Keempat, memiliki latar belakang aktivis di organisasi atau lembaga tertentu sering menjadikan anggota Komnas HAM masih menggunakan pola pikir organisasi atau lembaga asalnya. Akibatnya, pemahaman anggota terhadap isu HAM kerap mengacu pada kepentingan organisasi atau lembaga asal anggota tersebut. Maka tak mengherankan jika Komnas HAM kerap mengalami benturan kepentingan dalam beberapa hal.
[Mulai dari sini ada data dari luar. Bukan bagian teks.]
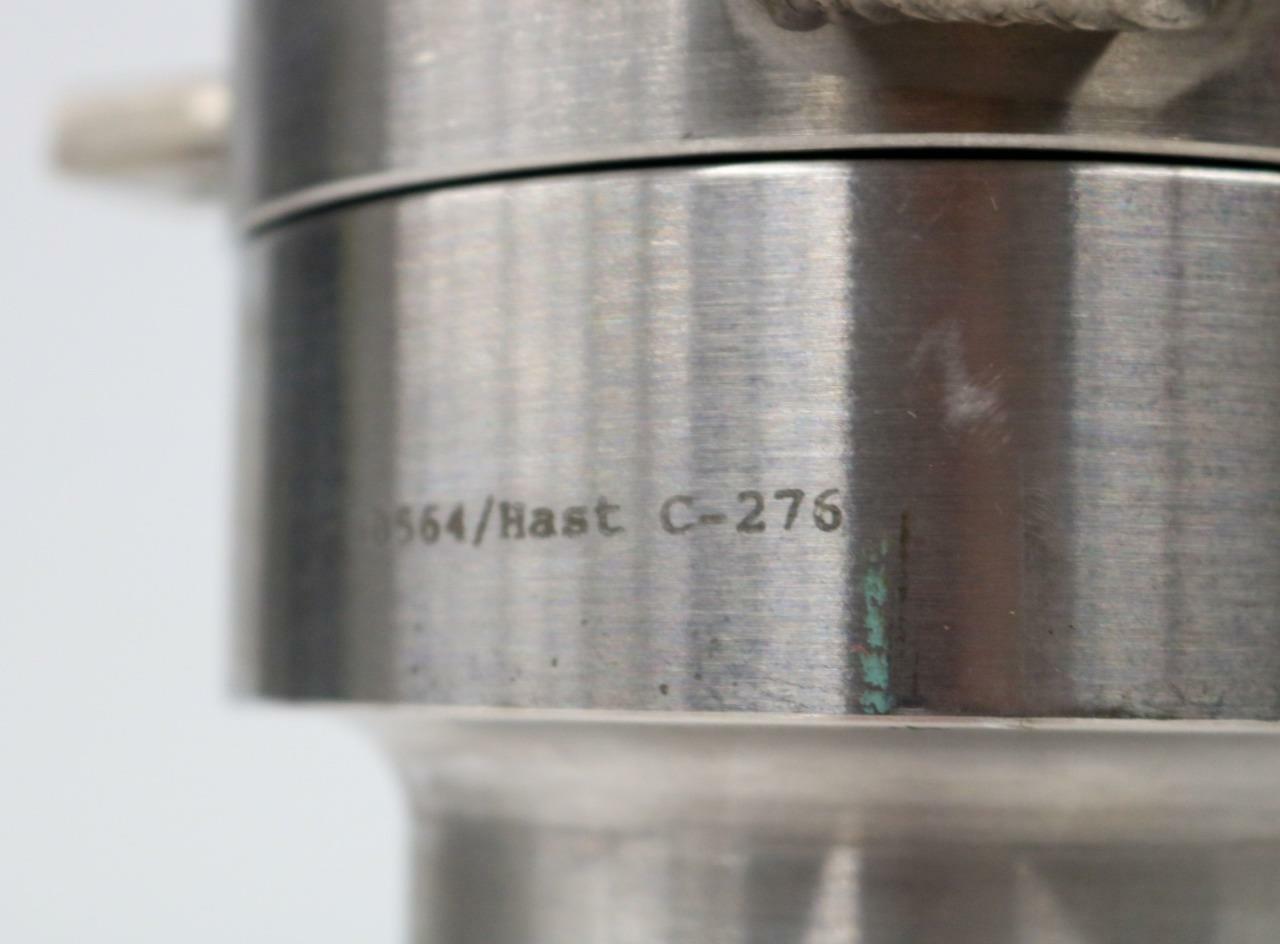 .5 Liter Hastalloy C-276 Reactor Vessel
Kelima, konflik internal antara anggota Komnas HAM dan Sekretariat Jenderal Komnas HAM yang tak kunjung mereda. Hal ini disebabkan minimnya pengetahuan, pengalaman, dan kapasitas anggota Komnas HAM dalam mengelola administrasi lembaga negara. Akibatnya, pelaksanaan tugas dan kewenangan anggota tak pernah berjalan mulus. Benturan administrasi dan kepentingan kerap menjadi kendala tidak optimalnya pelaksanaan tugas Komnas HAM.
Sejumlah catatan ini menjadi poin penting tim Panitia Seleksi Anggota Komnas HAM 2017-2022 di bawah pimpinan Profesor Jimly Asshiddiqie. Tentu kita tidak ingin meneruskan Komnas HAM yang “tidak bergigi” selamanya. Terlebih, poin keempat Nawacita Presiden Joko Widodo menyatakan akan memprioritaskan perlindungan anak, perempuan, dan kelompok masyarakat termarginalkan, serta penghormatan HAM dan penyelesaian secara berkeadilan atas kasus-kasus pelanggaran HAM pada masa lalu.
Itu sebabnya, dalam pemilihan kandidat, publik perlu diberi akses seluas-luasnya guna mengawasi proses tersebut. Figur-figur yang mampu menjaga martabat Komnas HAM-lah yang harus dipilih, bukan justru figur yang menggerus lembaga ini.